I doubt that there has ever been a saint or theologian who did not have doubts about faith. The list of doubters includes the Apostle Peter, Augustine, Anselm, Aquinas, Julian of Norwich, Martin Luther, Dietrich Bonhoeffer, and Mother Teresa—not bad company for those who sometimes struggle with belief. After all, the claims that faith makes are rather grand: God created us; we have souls; God watches over us; God will judge us; there is an existence after this one; our actions in this world, at least in part, may determine our fate in the next; God has been revealed to us in texts, persons, and events.

It would be hard not to doubt some (or all) of these claims at some time during our lives. Those of us who take faith seriously and are critical thinkers in other aspects of our lives—for example, asking, Is the President lying to us? How do analysts predict the behavior of the stock market? Is it safe to trust technology?—naturally raise questions. Religious faith is not immune from such scrutiny. In fact, a little skepticism is a healthy thing. Those who think through their commitment to faith by raising critical questions can offer more than emotion, more than opinion, and more than personal history or indoctrination to explain their beliefs.

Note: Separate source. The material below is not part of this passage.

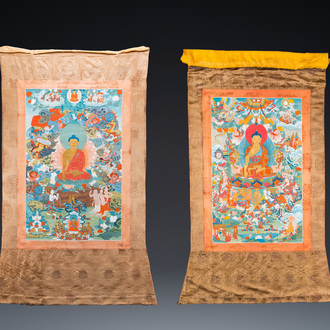 Two thangkas depicting Shakyamuni Buddha, Tibet, 19/20th C.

Given the choice between an uncritical and naïve appropriation of faith and Mother Teresa’s admitted struggles with her faith, I join the diminutive woman with wrinkles on her face and light in her eyes who, when asked by a journalist why, given her resources of a band of Sisters who owned only as much as the poor they served, she continued to struggle against poverty with virtually no chance of success, responded: “God, did not call me to be successful. God called me to be faithful.” Being faithful does not mean being uncritical, or mindless, or unwilling to question even our most deeply held convictions of faith. Mother Teresa persevered in faith despite her doubts. We, too, may doubt but have faith without fear that we are being untrue to our faith or to ourselves.